Using an adjustable spray bottle set to the finest it will mist,shoot tots until damp/barely glisten.Your seasonings of choice will now adhere mo betta.They crisp in the same amount of time too.


----------



## kruizer (Sep 19, 2018)

You have my attention. Looking good.


----------



## ksblazer (Sep 19, 2018)

What are you using to mist them with.

Veggie oil?


----------



## motocrash (Sep 19, 2018)

ksblazer said:


> What are you using to mist them with.
> 
> Veggie oil?


Water


----------



## TomKnollRFV (Sep 19, 2018)

I do love me some tater tots!


----------



## Smoke23 (Sep 19, 2018)

Gonna have to try this.
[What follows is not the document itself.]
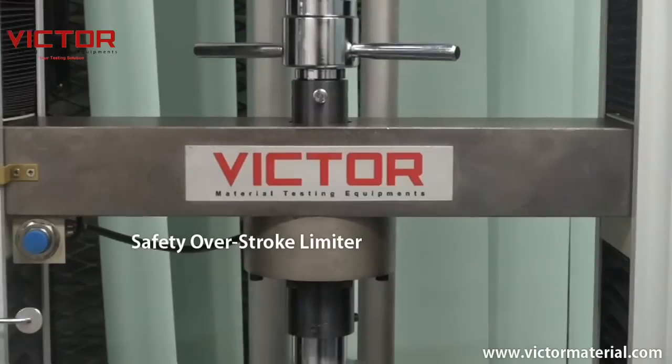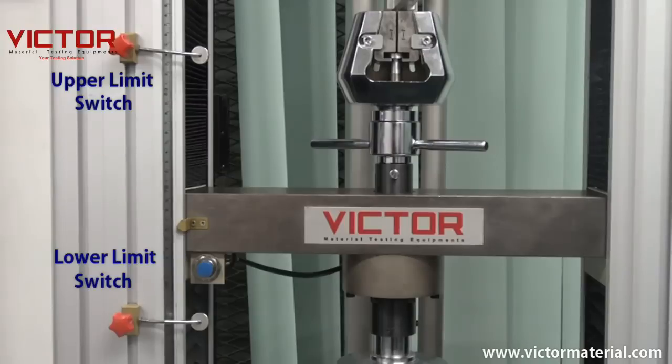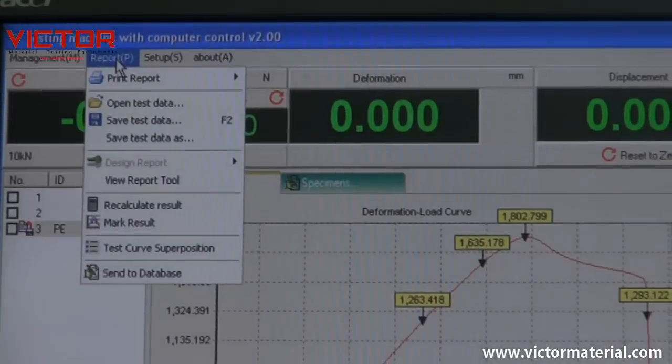Safety overstroke limiter: the range of the crosshead movement is mechanically limited by an upper and lower limit switch for the prevention of over-travelling. Emergency stop control is also provided to shut down the equipment immediately should there be an abnormality.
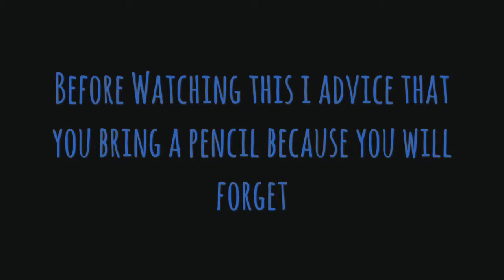How to curve from a volley. Before watching this, I advise that you bring a pencil because you will forget.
Thanks for the tip!


----------



## crazymoon (Sep 20, 2018)

MC, Nice tip TY!


----------



## motocrash (Sep 20, 2018)

Thanks all.
I didn't think this would really catch anyone's eye,on the other hand,we are talking the sacred tot.


----------



## noboundaries (Sep 20, 2018)

We reintroduced Tater Tots back into our meal plan earlier this Summer. Definitely going to give this a try!


----------



## motocrash (Sep 20, 2018)

noboundaries said:


> We reintroduced Tater Tots back into our meal plan earlier this Summer. Definitely going to give this a try!


Funny Ray...me too,and about the same time frame.I tried this out of frustration/wasting stuff by it all falling off.By the second time I had the moisture amount down perfect.I use a sprayer that is for ironing as it mists super fine and an expanded aluminum sheet pan thing.That thars some gormay tots;):D


----------